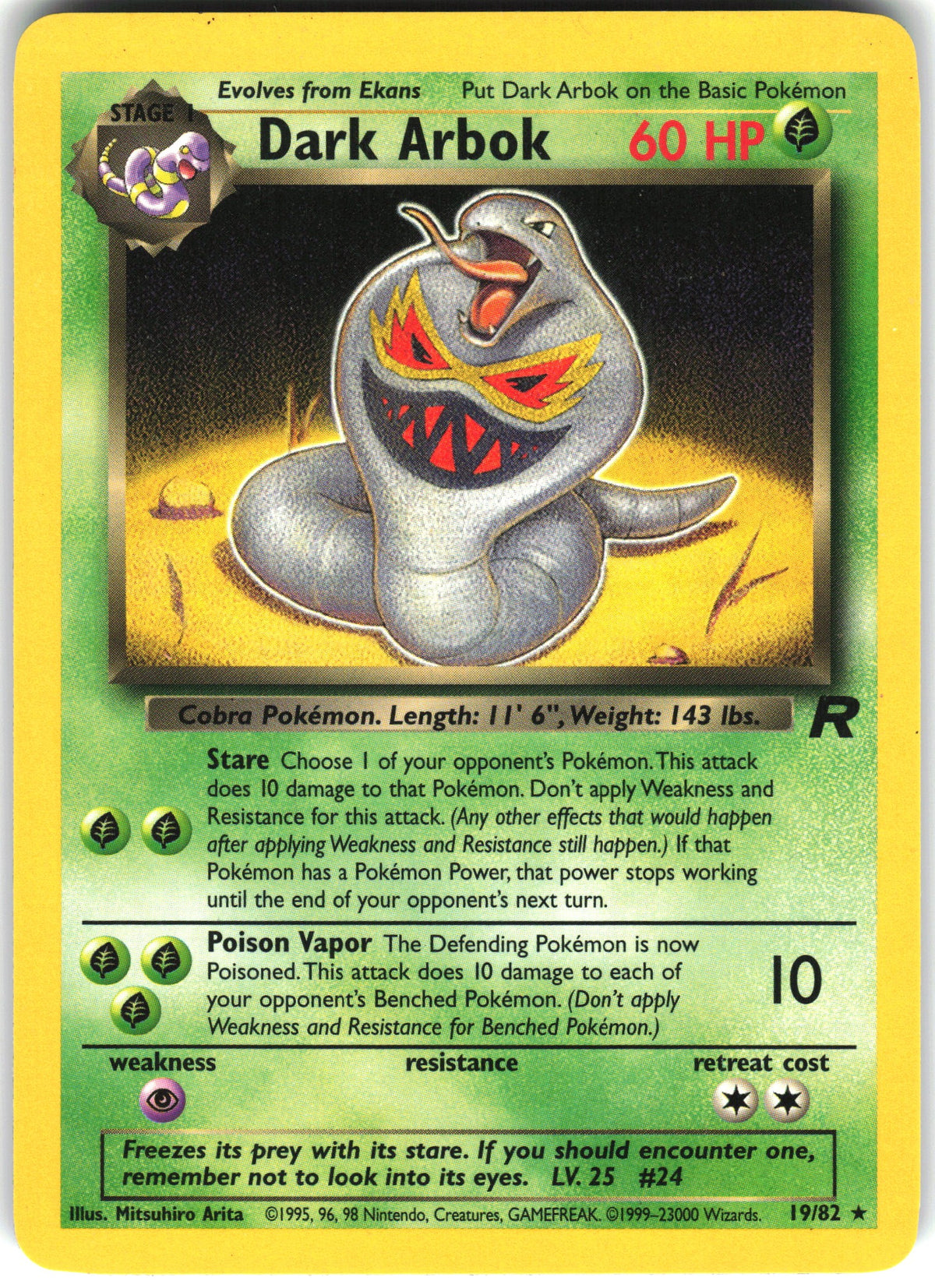 Dark Arbok #19 NM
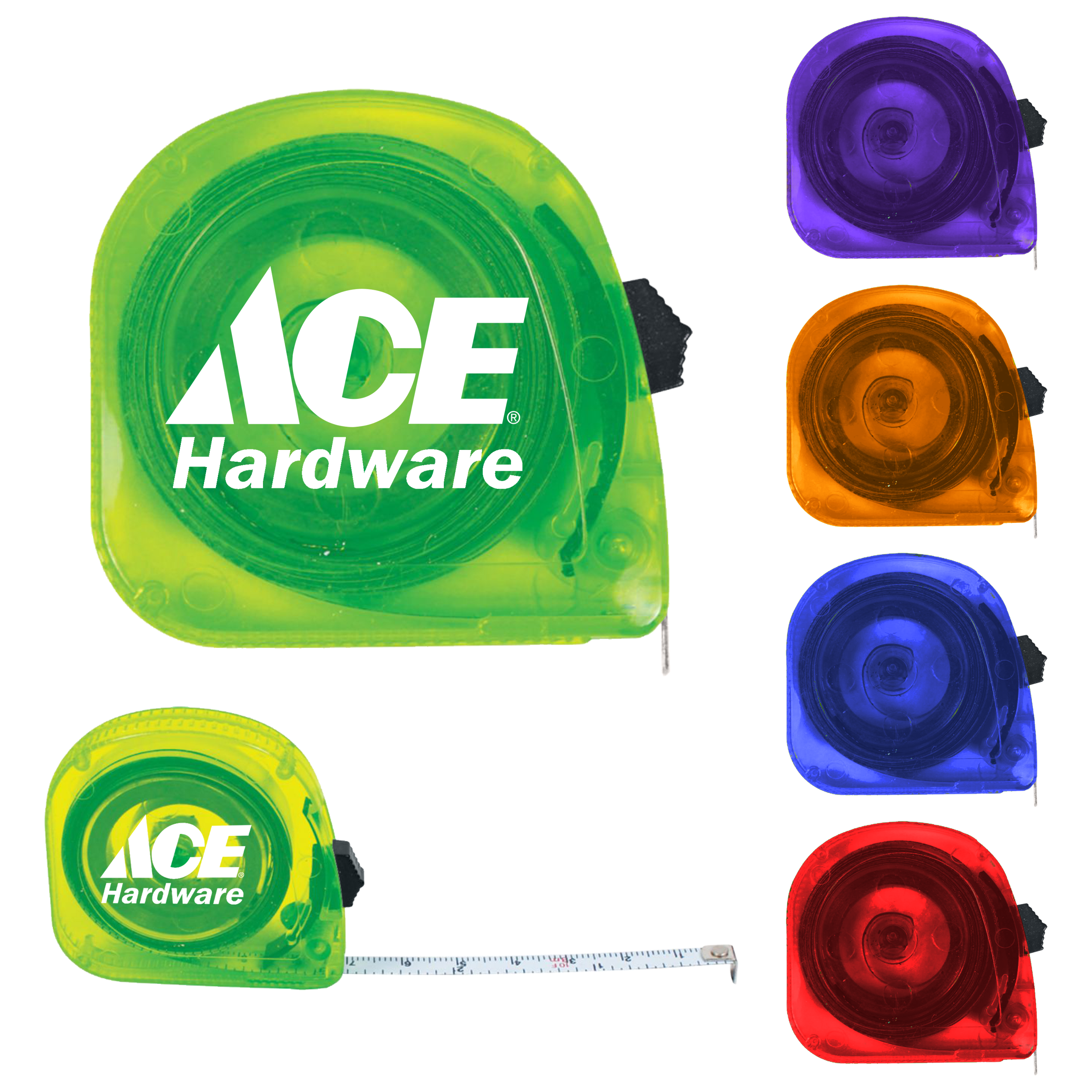 10 ft Mini Translucent Tape Measure 1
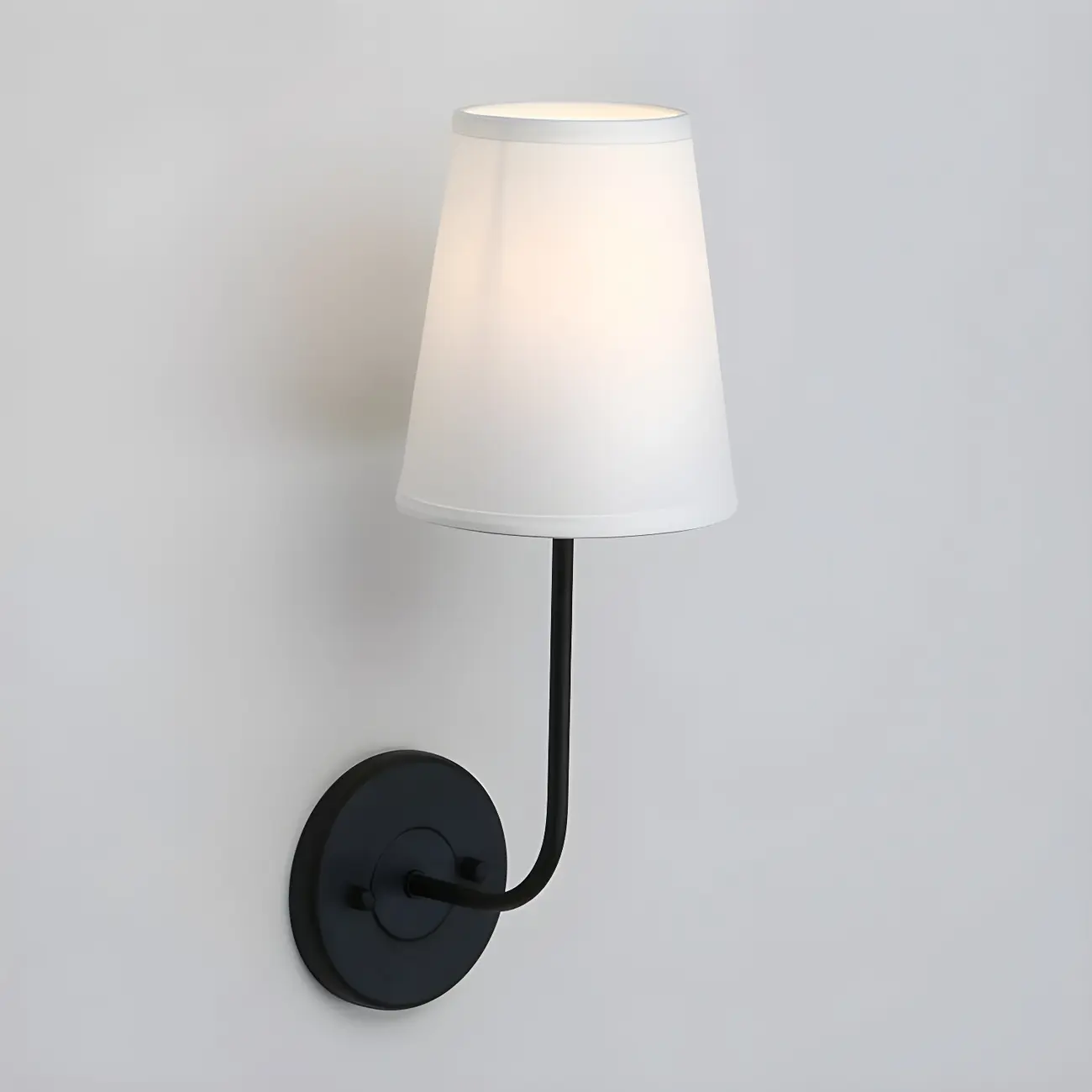 Modern Brass Glam Vanity Light with Fabric Shade | homeyfad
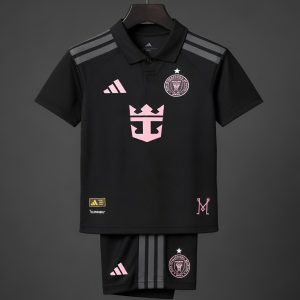 Player Version 26 27 Kids Inter Miami Away Black Jersey - Front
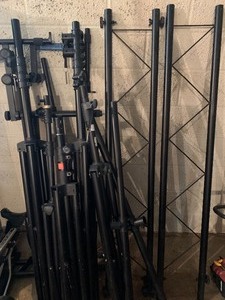 lot 34 image: 10ft stage rack systemlights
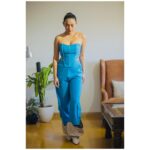 Sayani Gupta Instagram - Cool as ever @sayanigupta Wearing @_otherlabel Glam @eshwarlog Hair @paloshell Style assistant @dhwanii.jain . . . #sayanigupta #style #ootd #celebstyle #fashion #lookoftheday #new #blue #corset #styleinspo #love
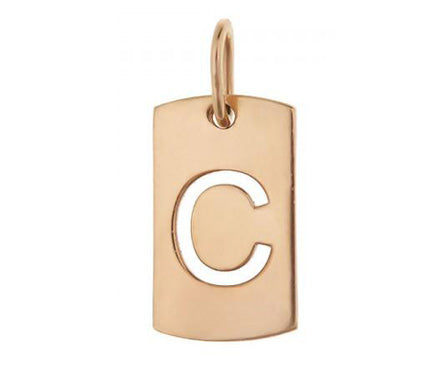 Letter Dog Tag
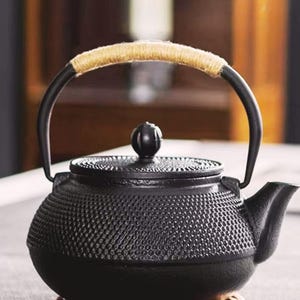 Japanische Teekanne aus Eisen mit Edelstahl-Sieb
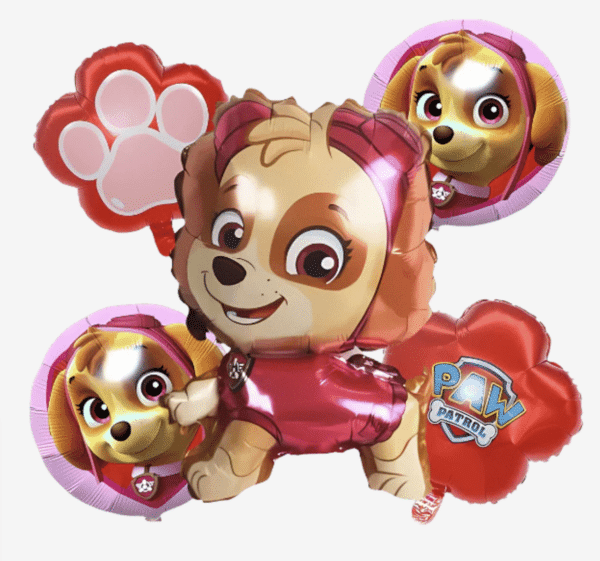 Балони Пес Патрул /Paw Patrol/ SKYE - Скай - 5 броя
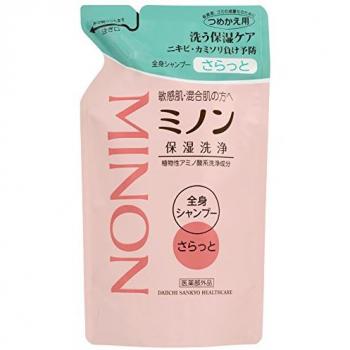 Minon Whole Body Shampoo Smooth Type Refill 380ml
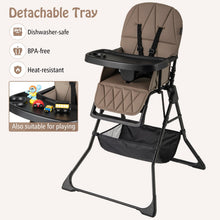 Load image into Gallery viewer, Compact High Chair with 3-Position Adjustable Dishwashable Tray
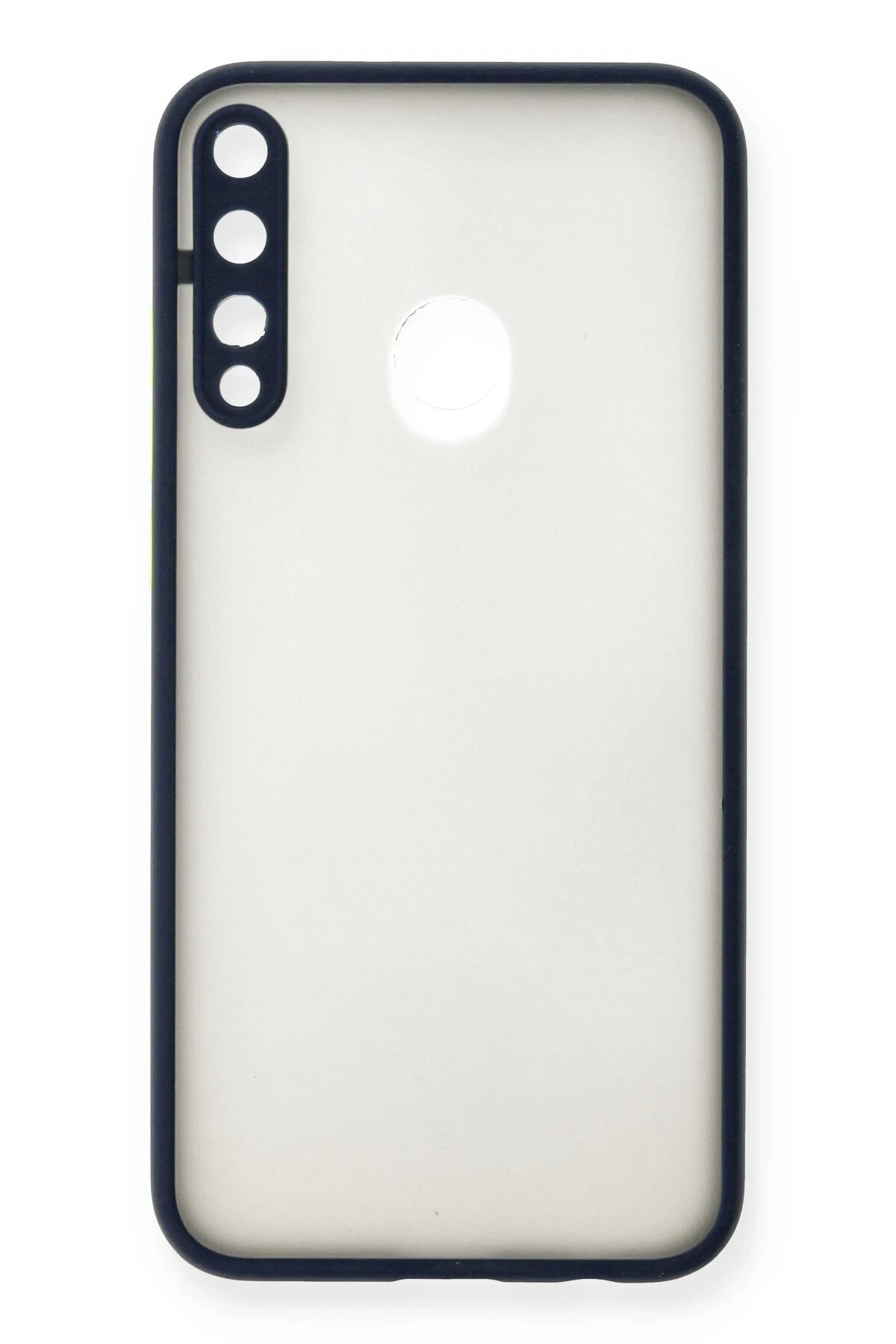 Newface Huawei P40 Lite E Kılıf Montreal Silikon Kapak - Lacivert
====
→ **Task goal**: All the data above is to be transcribed exactly, with no pictures included.

→ **Task solution**:
 Dark Arbok #19 NM
 10 ft Mini Translucent Tape Measure 1
 Modern Brass Glam Vanity Light with Fabric Shade | homeyfad
 Player Version 26 27 Kids Inter Miami Away Black Jersey - Front
 lot 34 image: 10ft stage rack systemlights
 Sayani Gupta Instagram - Cool as ever @sayanigupta Wearing @_otherlabel Glam @eshwarlog Hair @paloshell Style assistant @dhwanii.jain . . . #sayanigupta #style #ootd #celebstyle #fashion #lookoftheday #new #blue #corset #styleinspo #love
 Letter Dog Tag
 Japanische Teekanne aus Eisen mit Edelstahl-Sieb
 Балони Пес Патрул /Paw Patrol/ SKYE - Скай - 5 броя
 Minon Whole Body Shampoo Smooth Type Refill 380ml
 Load image into Gallery viewer, Compact High Chair with 3-Position Adjustable Dishwashable Tray
 Newface Huawei P40 Lite E Kılıf Montreal Silikon Kapak - Lacivert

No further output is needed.